— Material supplied —
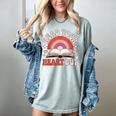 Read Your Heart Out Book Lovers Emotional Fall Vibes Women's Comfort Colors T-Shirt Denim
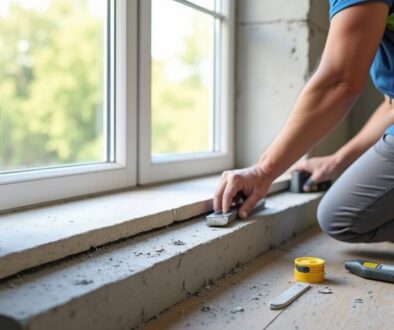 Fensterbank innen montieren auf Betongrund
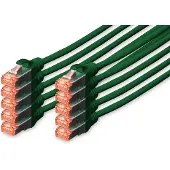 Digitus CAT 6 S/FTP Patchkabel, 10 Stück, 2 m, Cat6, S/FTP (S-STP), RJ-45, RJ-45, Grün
---
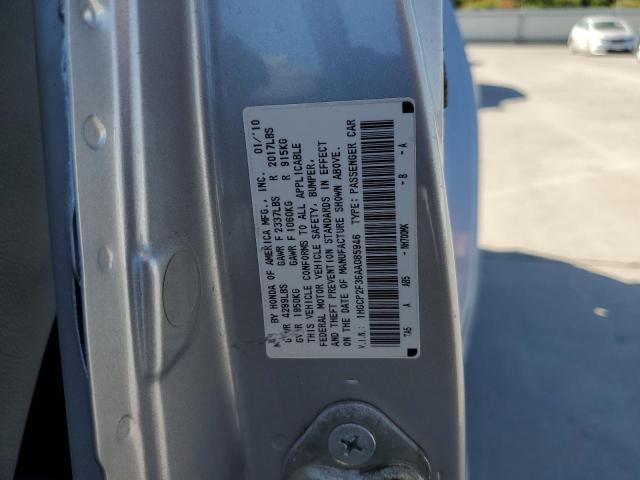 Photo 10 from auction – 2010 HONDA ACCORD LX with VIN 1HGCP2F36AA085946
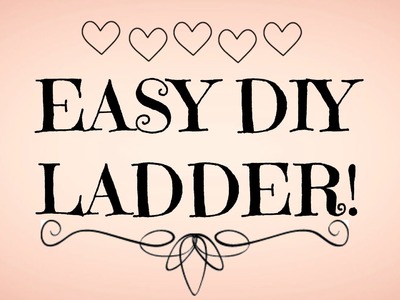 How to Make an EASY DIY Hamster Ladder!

— Problem description —
Each line above that falls between the line with "Photo 10 from" and the line with "How to Make an EASY DIY Hamster Ladder!" should be printed exactly, together with those two lines, but the pictures should not.

— Solution to the exercise —
 Photo 10 from auction – 2010 HONDA ACCORD LX with VIN 1HGCP2F36AA085946
 How to Make an EASY DIY Hamster Ladder!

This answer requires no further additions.